**Materials provided:**
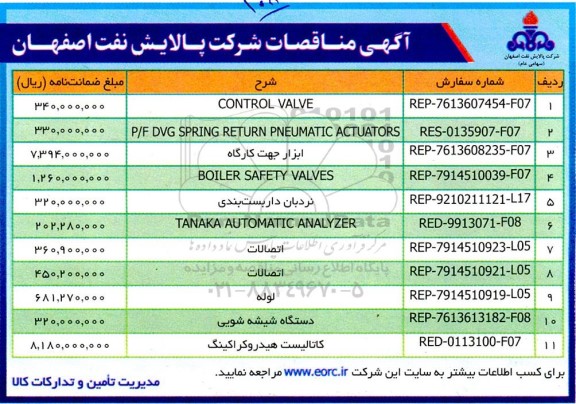 مناقصه CONTROL VALVE....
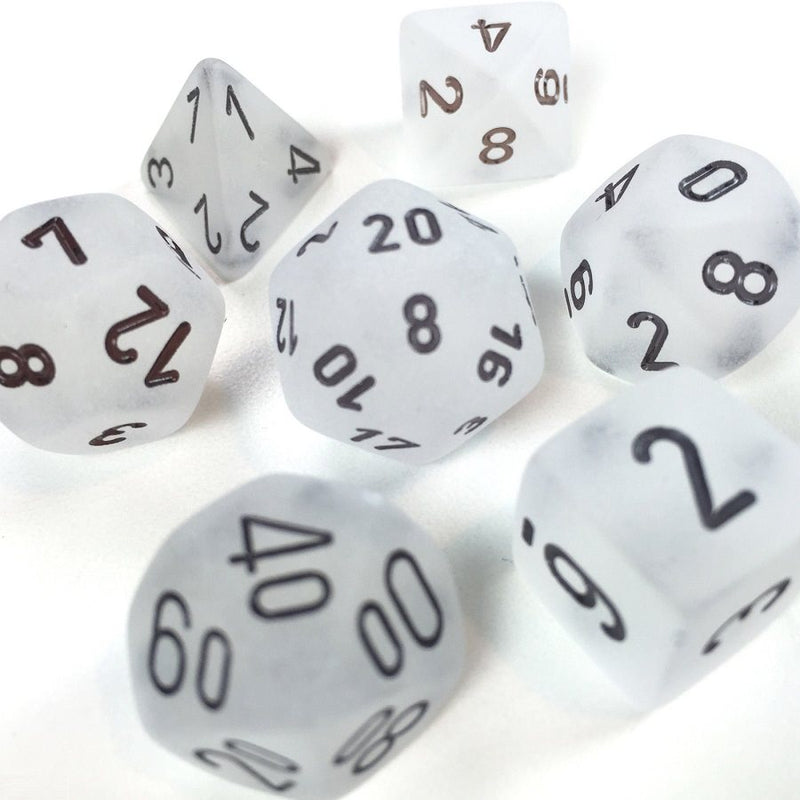 Frosted Clear/black Polyhedral 7-Die Set CHX27401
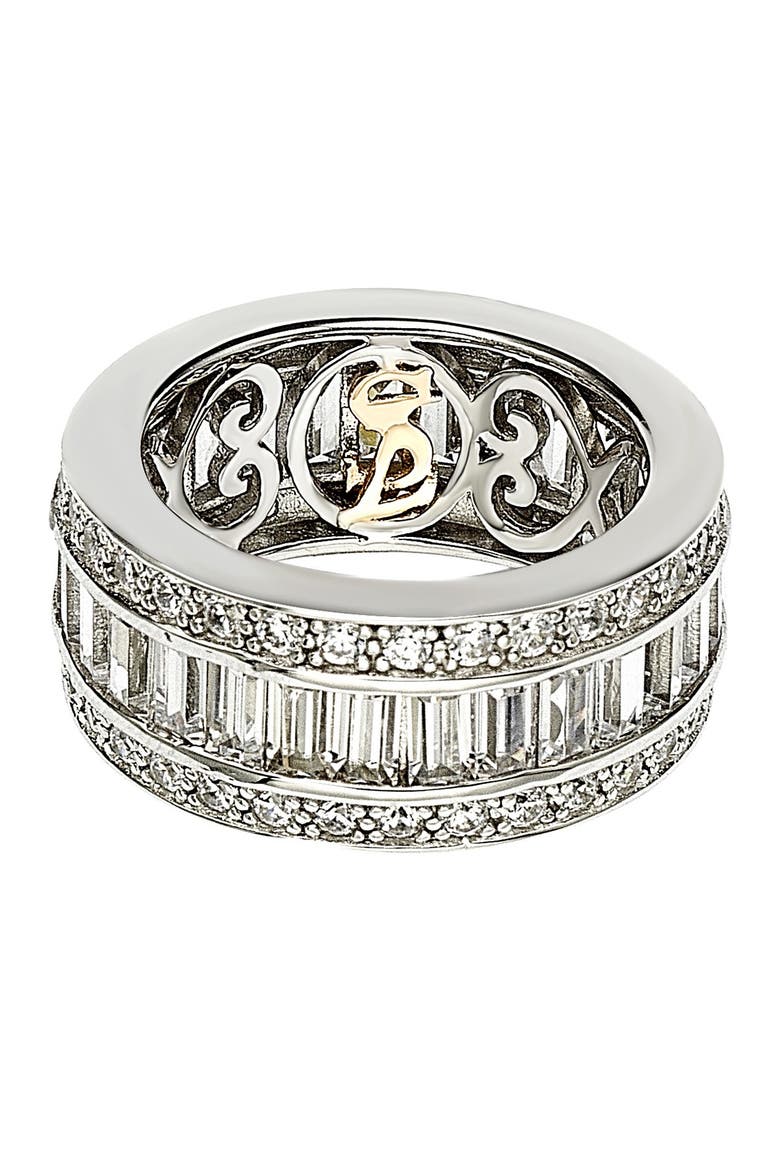 Sterling Silver White Cubic Zirconia Thick Eternity Band Ring, Alternate, color, WHITE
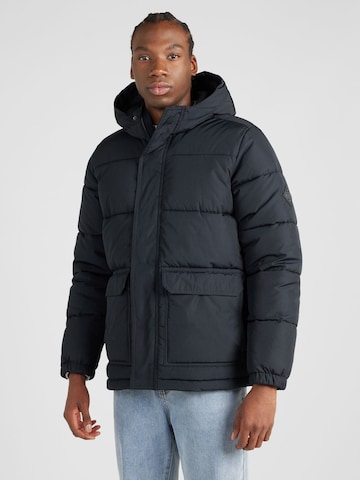 HOLLISTER Winter Jacket in Black: front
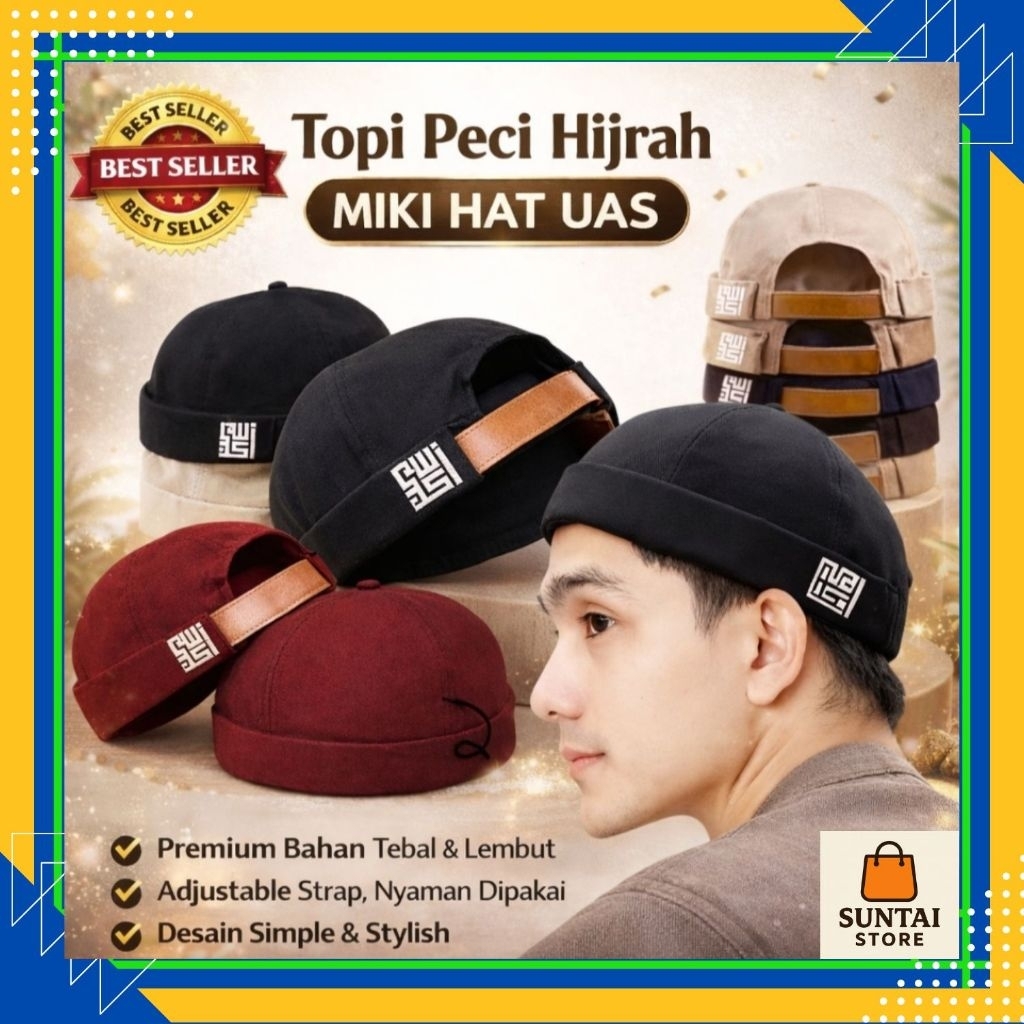 Topi Peci Hijrah Pria Miki Hat UAS Motif Muslim Kaligrafi Kekinian - Peci Pria Dewasa Bordir Arab Mi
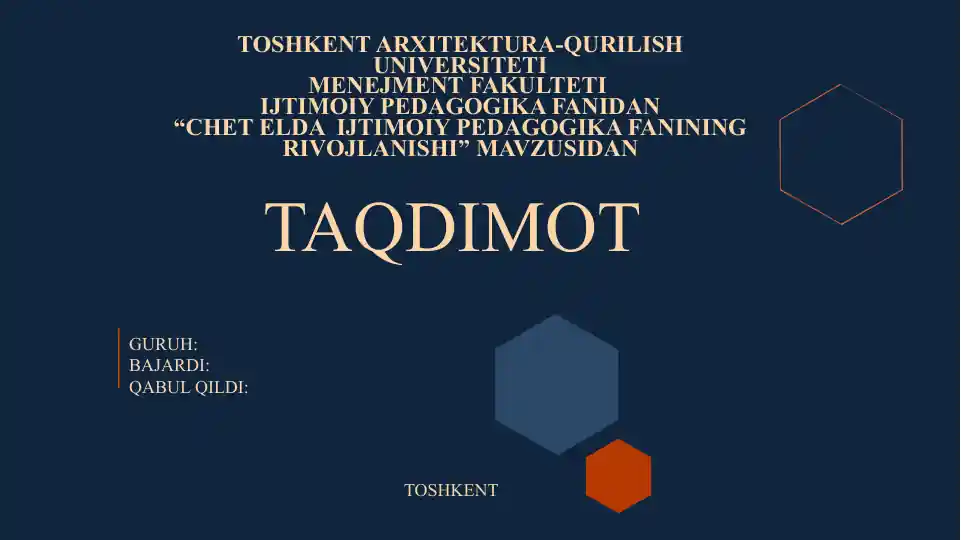 CHET ELDA  IJTIMOIY PEDAGOGIKA FANINING RIVOJLANISHI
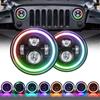 7 Inch LED Headlight Round Headlight with HighLow Beam and DRL Colorful Angle Eye Light for Cars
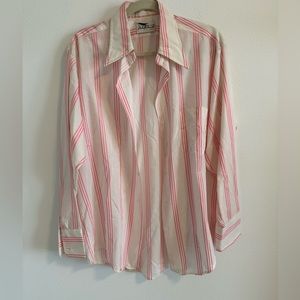Vintage Michel Daniel Paris button down blouse. Pink stripes.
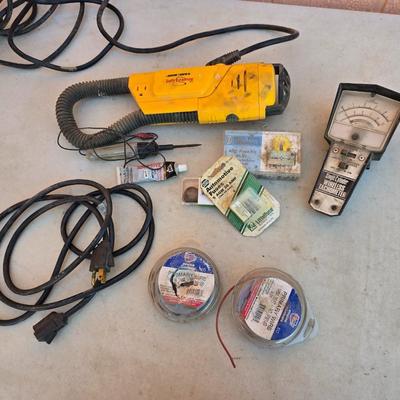 Assorted Electrical Tools & Supplies Bundle – Including work Light, Testers, Wire, Fuses & More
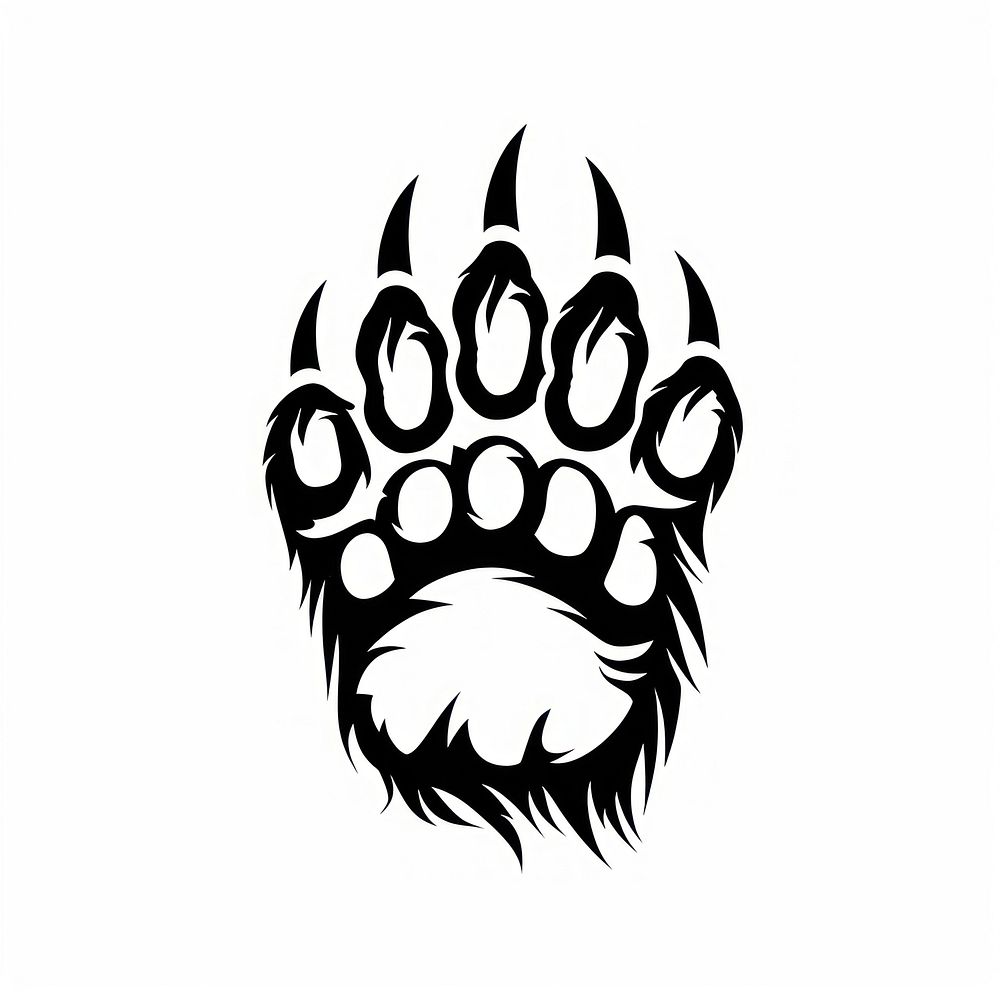 Grizzly bear paw tattoo flat illustration electronics hardware stencil.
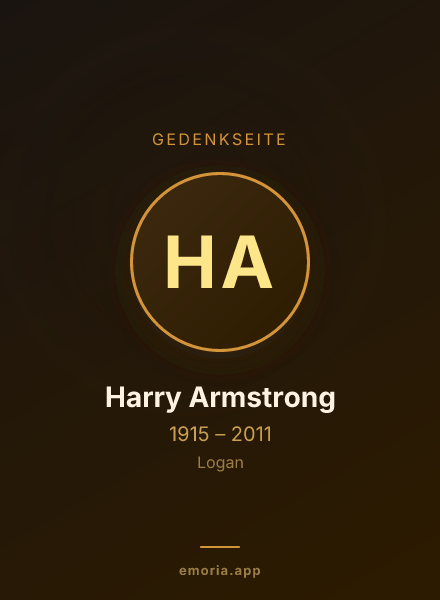 Gedenkportrait von Harry Armstrong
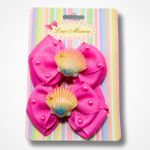 Laços Presilha Bico de Pato com Design de Concha - Toque de Elegância para seus Cabelos – Cartela com 2 Laços - Modelo Variados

**About this task:** Write out exactly the lines from the one containing "Grizzly bear paw" through the end of the entries, both included. Pictures are not copied.

**Exercise output:**
 Grizzly bear paw tattoo flat illustration electronics hardware stencil.
 Gedenkportrait von Harry Armstrong
 Laços Presilha Bico de Pato com Design de Concha - Toque de Elegância para seus Cabelos – Cartela com 2 Laços - Modelo Variados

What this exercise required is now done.